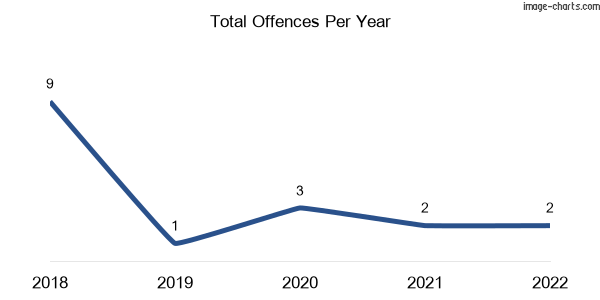60-month trend of criminal incidents across Hallora
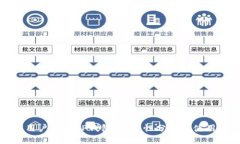 苹果用户下载TP钱包：安全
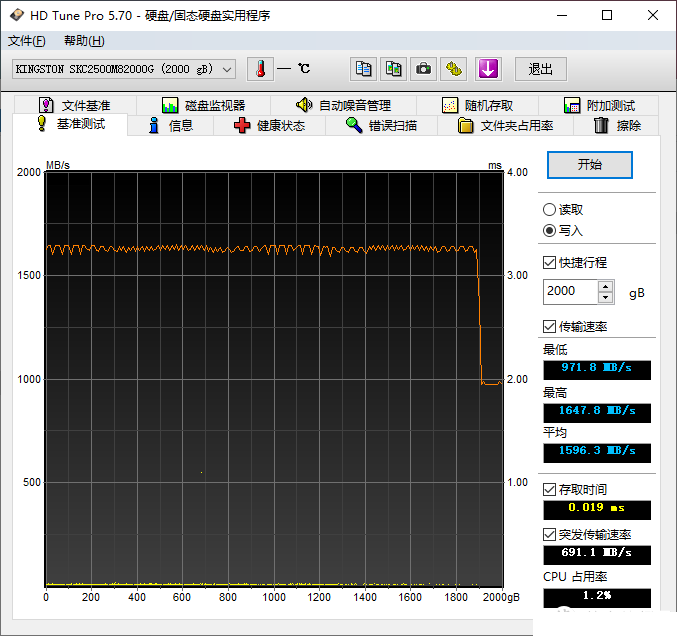 金士顿 kc2500 2tb 开箱简评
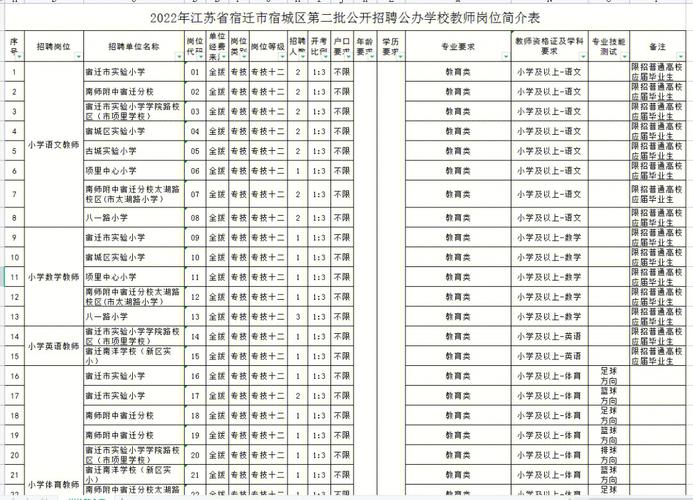 2025宿城区教师招聘何时开始报名？-图2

### YOUR GOAL:
Return the full listing exactly as it appears above, without its pictures.

### RESULT FOR THIS TASK:
60-month trend of criminal incidents across Hallora
 苹果用户下载TP钱包：安全
 金士顿 kc2500 2tb 开箱简评
 2025宿城区教师招聘何时开始报名？-图2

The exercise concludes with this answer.